Maroc : A qui appartient l’espace public ?
C’est les vacances et c’est donc le moment de faire provision de livres, ces fameux « livres de plage », ces gros pavés qu’on va tourner d’un œil à moitié fermé, étendu mollement sur le sable chaud, une boisson fraîche à portée de main. Bien sûr, on peut choisir des romans policiers ou d’aventures, de ceux qu’on lit puis qu’on oublie aussitôt. On peut aussi choisir de s’instruire en lisant, de réfléchir, de s’étonner.
Un nouveau Maroc
Dans ce cas, je vous recommande un petit livre, tout mince, sans prétentions, qui s’intitule Shamablanca, écrit par une certaine Sonia Terrab. Pourquoi ce livre-là ? Eh bien parce qu’il exprime une idée forte, une idée qui vous fait soudain considérer les choses d’une façon différente. Cette idée, la voici : au Maroc, l’espace public appartient aux hommes. Les femmes y sont comme étrangères. Elles ne font que passer, sous surveillance, parfois sous les lazzis et les remarques désobligeantes, et de nombreux endroits de cet espace public leur sont tout bonnement interdits : essayez donc, quand vous êtes femme, de vous promener le soir dans certains quartiers de Casablanca ou de Tanger…
Chères lectrices, vous êtes en train de secouer la tête en vous disant : « Il se réveille, ce benêt ! Moi, je sais cela depuis ma naissance, hélas. » Certes, mais si j’enfonce des portes ouvertes, c’est justement parce que je fais amende honorable : il m’a fallu la lecture de ce petit livre pour comprendre, pour saisir physiquement ce que cela signifie.
Bien sûr, d’autres auteurs arabes avaient exprimé cette idée, à commencer par l’illustre Fatema Mernissi. Mais dans le cas de Mernissi, elle a toujours insisté sur une idée complémentaire : si l’espace public est interdit aux femmes, en revanche elles règnent sur l’espace privé. Or les nouvelles générations ne se satisfont plus de régner sur quelques centaines de mètres carrés comme Napoléon qui, bien qu’exilé, était souverain de l’île d’Elbe. De plus, adieu les grands riads d’antan, aujourd’hui c’est sur un F2 de 40 m2 que les Marocaines doivent exercer leur empire. On conçoit qu’elles fassent la grimace.

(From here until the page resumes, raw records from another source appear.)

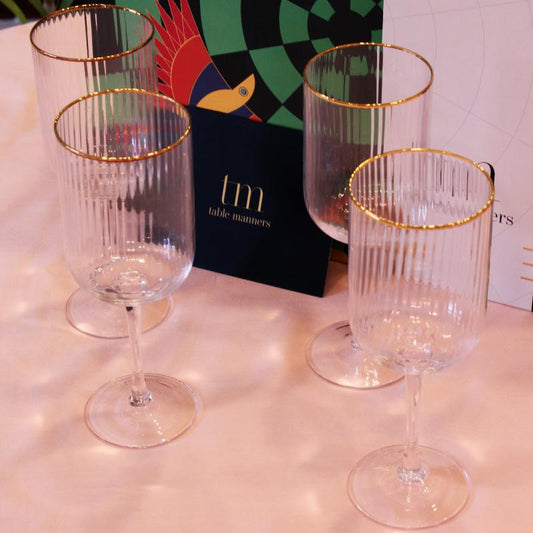Classy Gold Rim Wine Glass | Set of 4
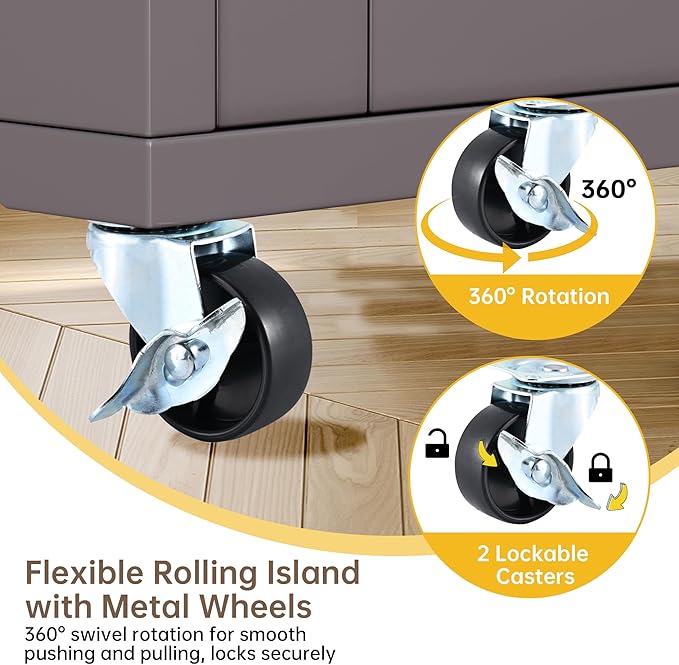 Wood Kitchen Island with Storage, Wooden Rolling Kitchen Island On Wheels with Countertop, Mobile Kitchen Island Cart with Towel Rack, Spice Rack, Adjustable Shelf and Drawers, Grey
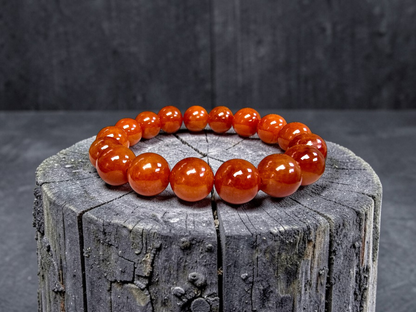 Imperial Japanese Red Burmese A-Jade Beaded Bracelet (MADE IN JAPAN) (12.50 mm Each x 17 beads) - Certified 05049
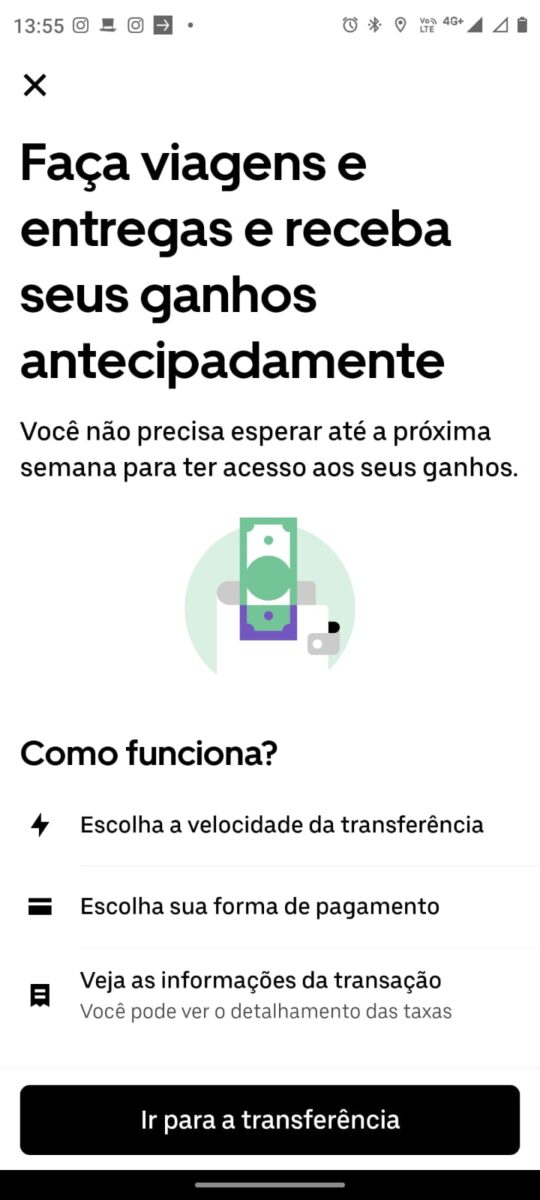 Antecipação de valores Uber- Captura de tela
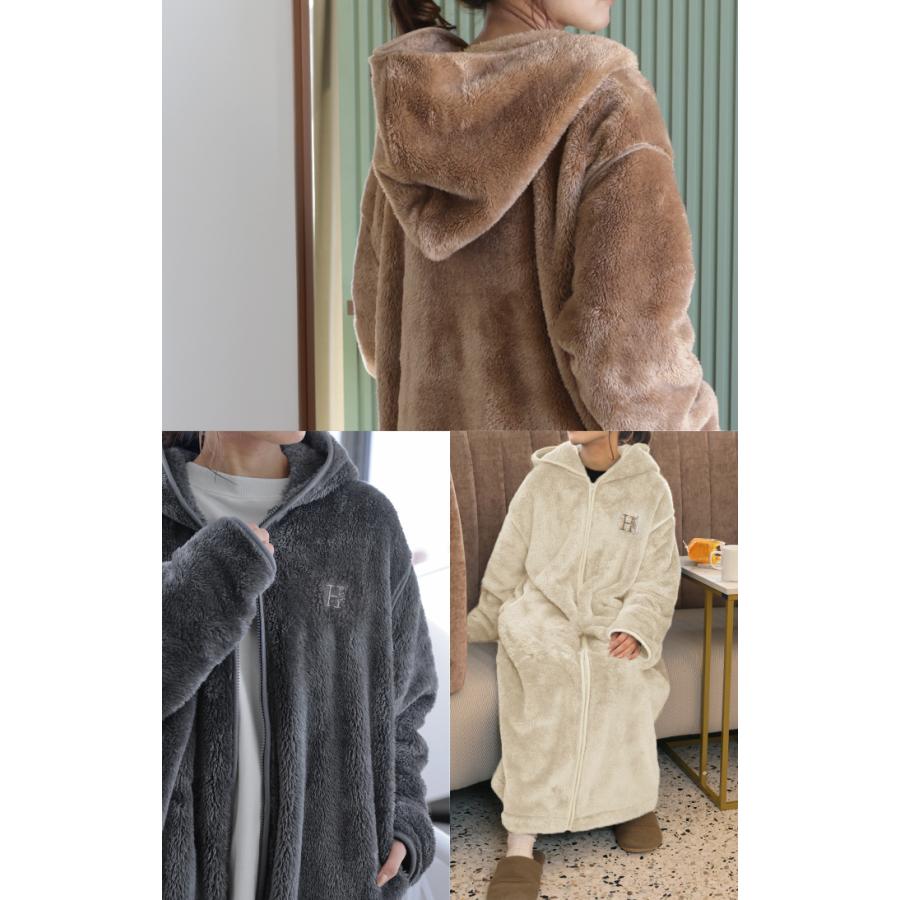 ルームウェア レディース 着る毛布 あったか 暖か 部屋着 ボア ロング ロングワンピース パーカー パーカーワンピ 起毛 | HUG.U | 11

C’est peut-être pour cela que tant de jeunes filles et de jeunes femmes ont participé aux diverses manifestations qui se sont déroulées cette année au Maroc : c’était l’occasion de reconquérir l’espace public. Elles auraient pu scander : « Macho, t’es foutu, les femmes sont dans la rue ! » On a l’air de rigoler comme ça, mais au fond, c’est triste. Pourquoi les rues, les places, les boulevards n’appartiennent-ils qu’aux hommes, et encore plus dès la nuit tombée ? En tout cas, à la prochaine révision de la Constitution, il faudra ajouter cette petite phrase décisive : « L’espace public appartient autant aux femmes qu’aux hommes. »
Shamablanca, de Sonia Terrab, Editions Séguier, 128 pages, 15 euros.